MI cable is a specialized type of cable used in high temperatures or harsh environmental conditions because it has low flammability, even when operating at high temperatures. It resists oxidation and enables precise measurement.

Mineral insulated cable consists of copper wires inside a copper, stainless steel, or Inconel sheath, insulated by packed minerals such as magnesium oxide (MgO). Magnesium oxide makes an excellent electrical insulation material because it resists oxidation and ionizing radiation, and it is both chemically and physically stable at high temperatures. After the cable has been packed with MgO insulation, it may be rolled under pressure to achieve the desired diameter. The outer sheath protects the internal thermocouple wire from heat, chemical or other environmental damage. The metal sheath may be covered with an additional colored plastic sheath to add in identification and to add an additional layer of protection from corrosion.
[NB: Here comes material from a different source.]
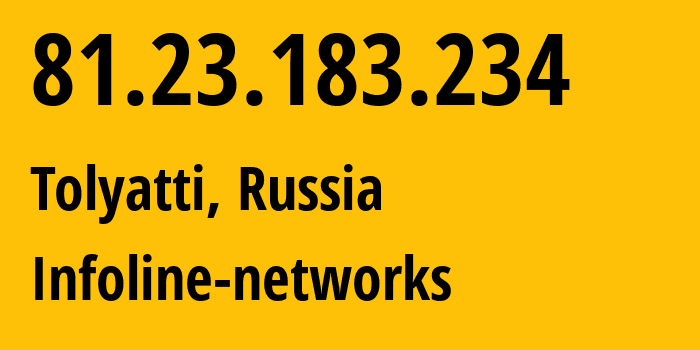 IP address 81.23.183.234 (Tolyatti, Samara Oblast, Russia) get location, coordinates on map, ISP provider AS8416 Infoline-networks // who is provider of ip address 81.23.183.234, whose IP address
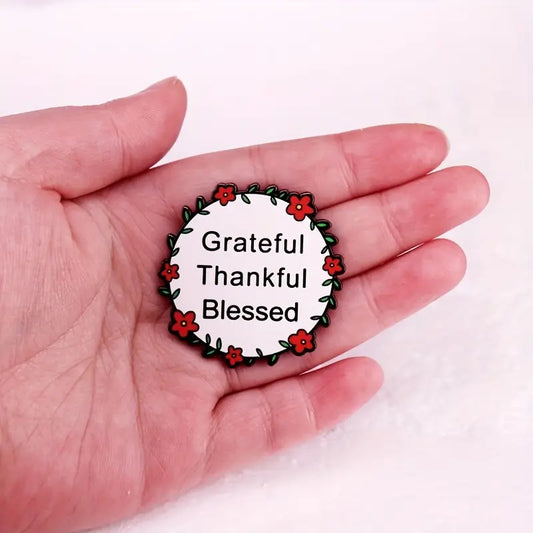 Grateful, Thankful, Blessed Pin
An MI cable may contain any number of wires, but the most common configurations include 1, 2 or 3 pairs of conductors. Specialized MI cables may include additional thermocouples in customized configurations. MI cable is available in a variety of diameters and lengths, depending on the specific requirements. Many MI cables are calibrated using sensitive, fast and highly accurate dry block probe calibrators.

RTD and thermocouple sensors manufactured from MI cable are used extensively in heat treating metals, solid waste incinerators, sintering powdered metals, firing ceramic materials, gas or oil fired furnaces, fuel fired heat exchangers, box furnaces and nuclear or hydrocarbon based energy plants.